#### [TASK TO CARRY OUT]
Apart from the pictures, everything in the lines below must be printed exactly.

#### [DATA SEGMENT]
• • • •

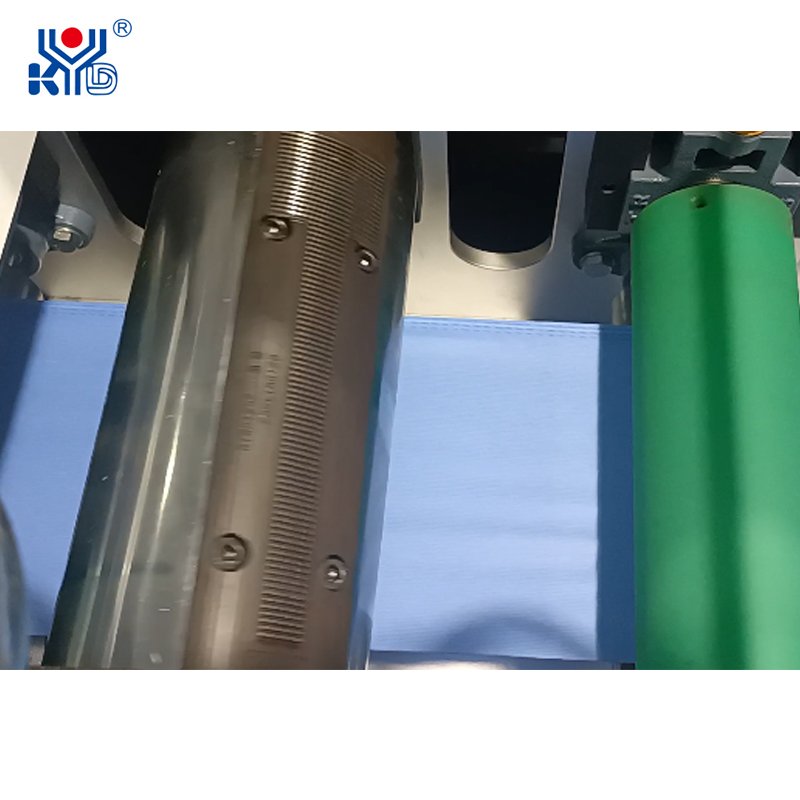 KYD New Automatic Shoe Cover Machine PP Non Woven Overshoe Making Machine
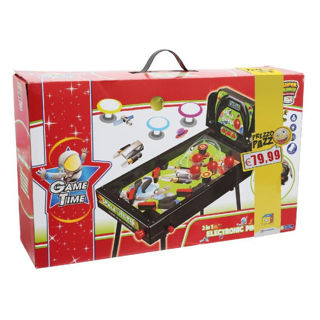 Flipper Gigante Con Gambe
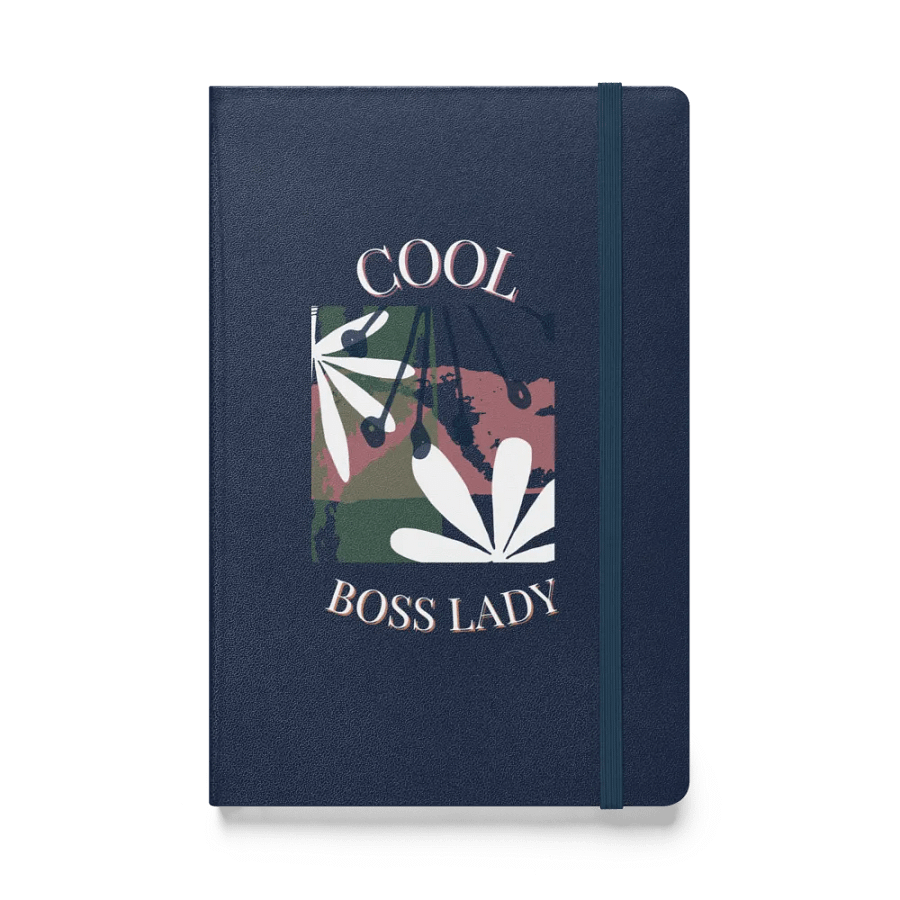 innovative ideas Boss Hardcover Journal for leading   ladies product image (1)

• • • •

#### [SOLUTION FOR THIS TASK]
 KYD New Automatic Shoe Cover Machine PP Non Woven Overshoe Making Machine
 Flipper Gigante Con Gambe
 innovative ideas Boss Hardcover Journal for leading   ladies product image (1)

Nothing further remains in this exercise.